→ **Provided entries**:
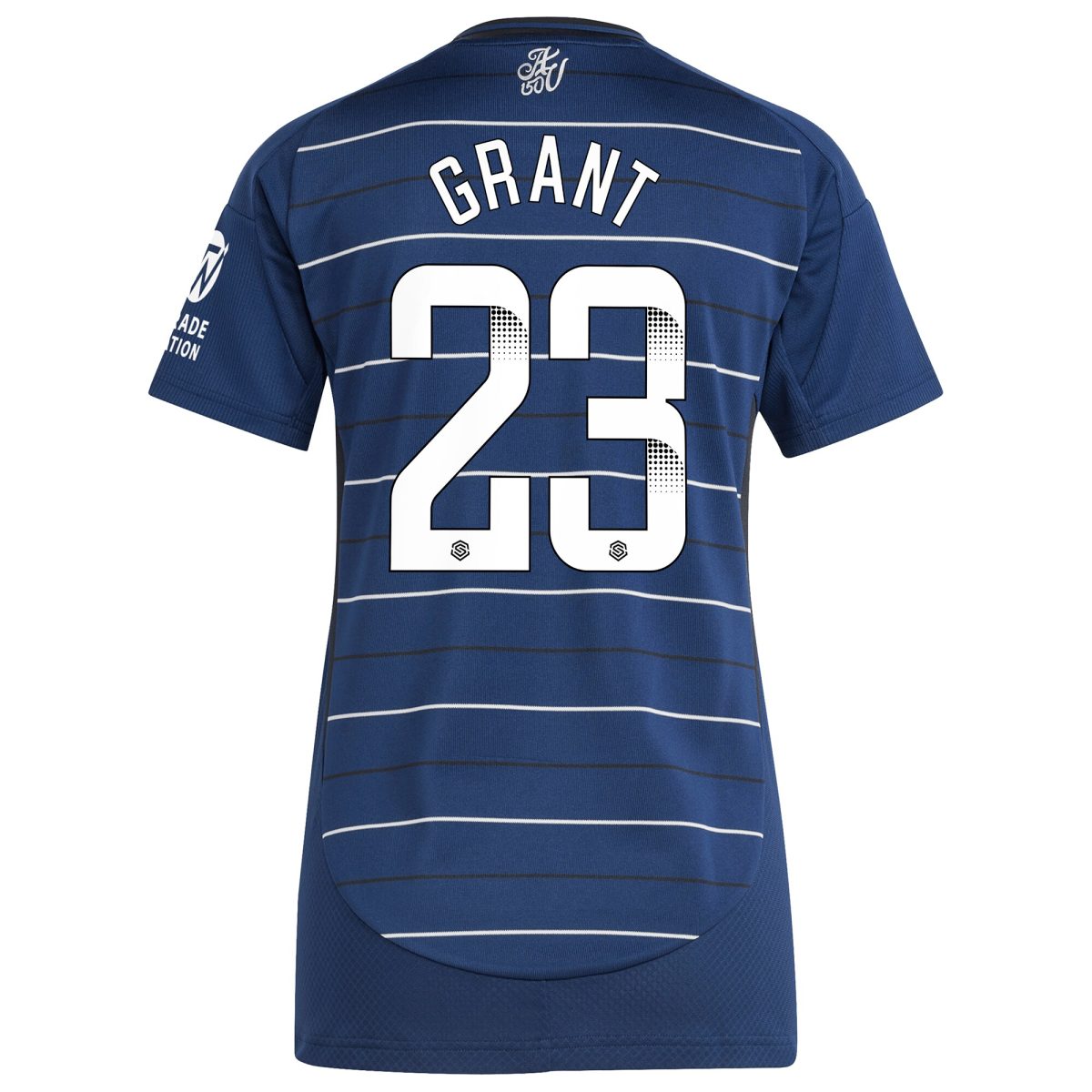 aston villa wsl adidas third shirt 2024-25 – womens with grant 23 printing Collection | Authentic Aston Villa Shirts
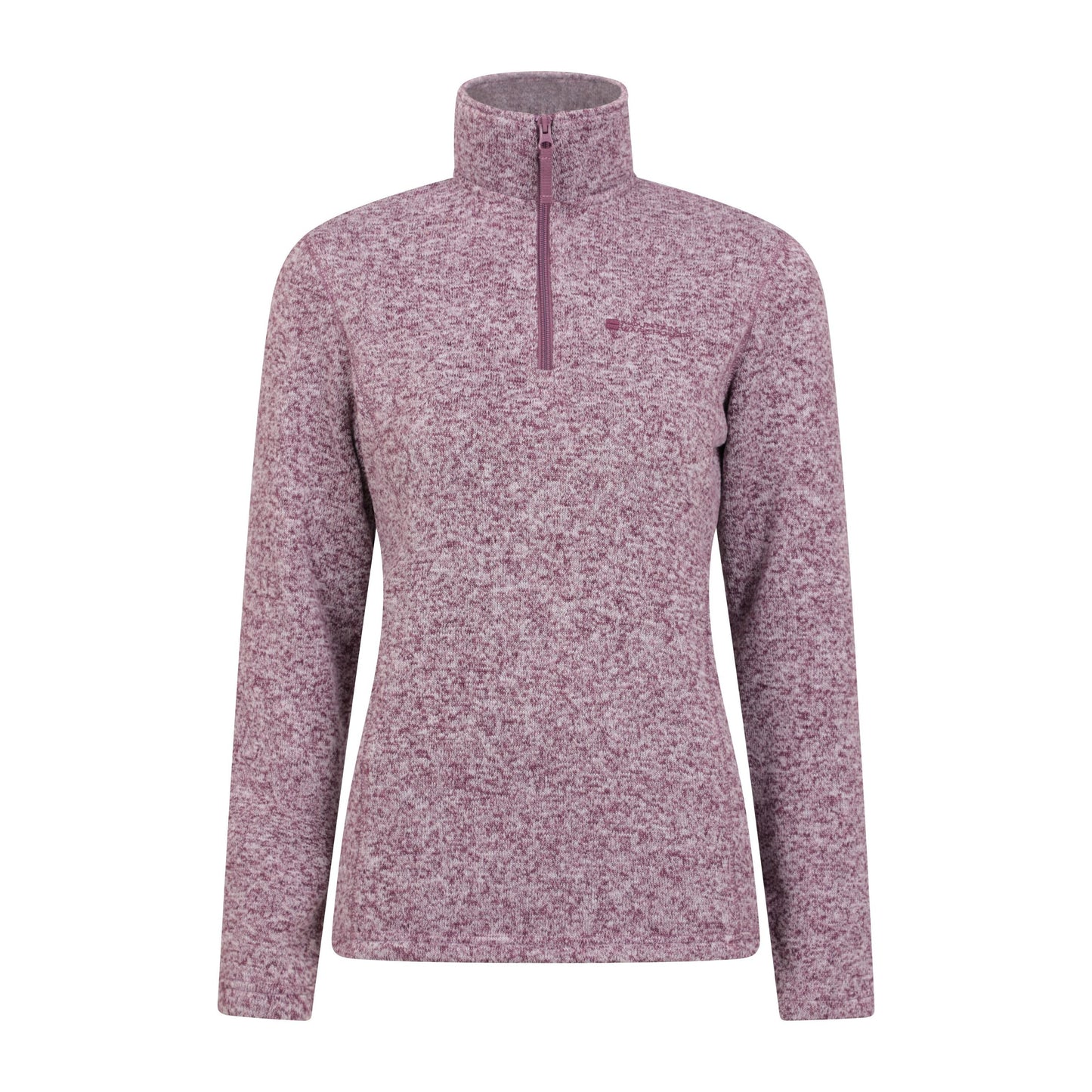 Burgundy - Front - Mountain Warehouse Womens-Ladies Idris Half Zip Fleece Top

==

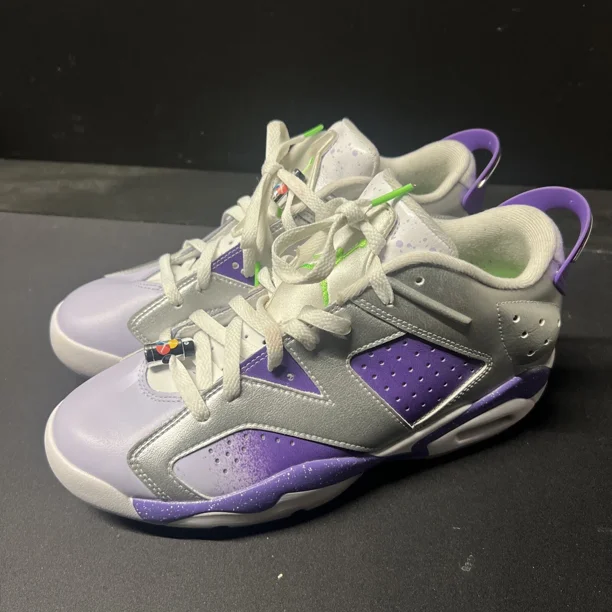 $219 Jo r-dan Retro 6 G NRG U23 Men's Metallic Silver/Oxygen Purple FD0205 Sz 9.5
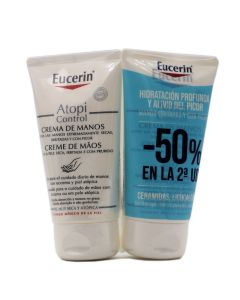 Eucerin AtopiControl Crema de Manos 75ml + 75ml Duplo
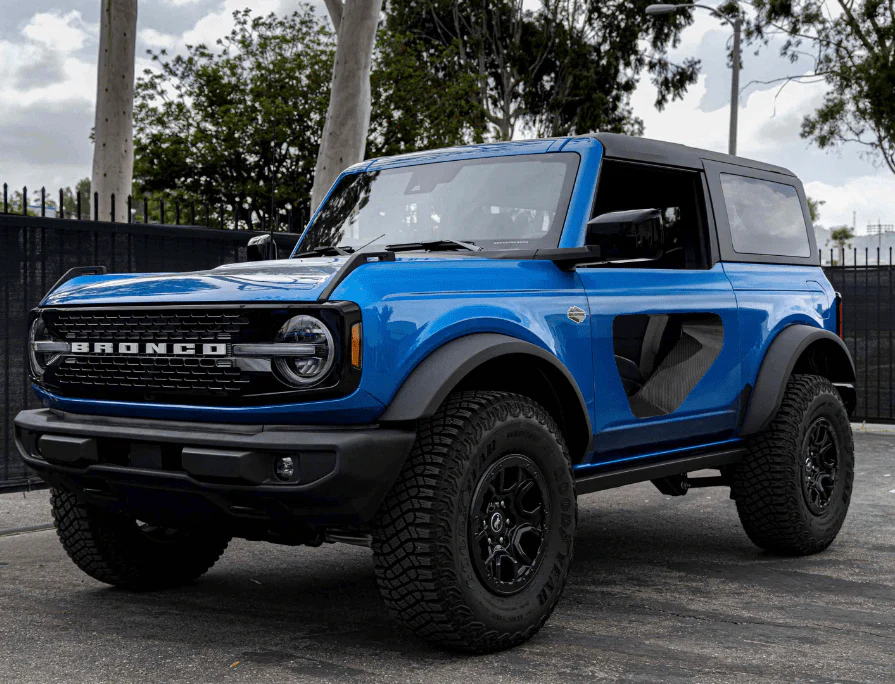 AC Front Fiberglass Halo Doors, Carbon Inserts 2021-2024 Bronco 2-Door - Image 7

--

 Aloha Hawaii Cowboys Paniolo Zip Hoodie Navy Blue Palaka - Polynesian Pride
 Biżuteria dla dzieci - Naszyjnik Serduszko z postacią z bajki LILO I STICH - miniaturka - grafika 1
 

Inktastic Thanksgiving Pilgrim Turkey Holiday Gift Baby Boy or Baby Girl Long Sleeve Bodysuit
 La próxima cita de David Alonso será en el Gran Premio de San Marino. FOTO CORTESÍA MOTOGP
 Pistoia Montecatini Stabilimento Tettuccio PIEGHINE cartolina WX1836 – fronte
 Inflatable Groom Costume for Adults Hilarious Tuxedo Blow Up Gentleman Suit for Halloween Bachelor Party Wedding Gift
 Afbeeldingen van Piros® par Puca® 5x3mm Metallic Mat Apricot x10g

→ **What needs to be done**:
Would you quote everything above from the line containing "Biżuteria dla dzieci" down to the line containing "Pistoia Montecatini Stabilimento"? Include both of those lines and nothing else.

→ **Reply to the exercise**:
 Biżuteria dla dzieci - Naszyjnik Serduszko z postacią z bajki LILO I STICH - miniaturka - grafika 1
 

Inktastic Thanksgiving Pilgrim Turkey Holiday Gift Baby Boy or Baby Girl Long Sleeve Bodysuit
 La próxima cita de David Alonso será en el Gran Premio de San Marino. FOTO CORTESÍA MOTOGP
 Pistoia Montecatini Stabilimento Tettuccio PIEGHINE cartolina WX1836 – fronte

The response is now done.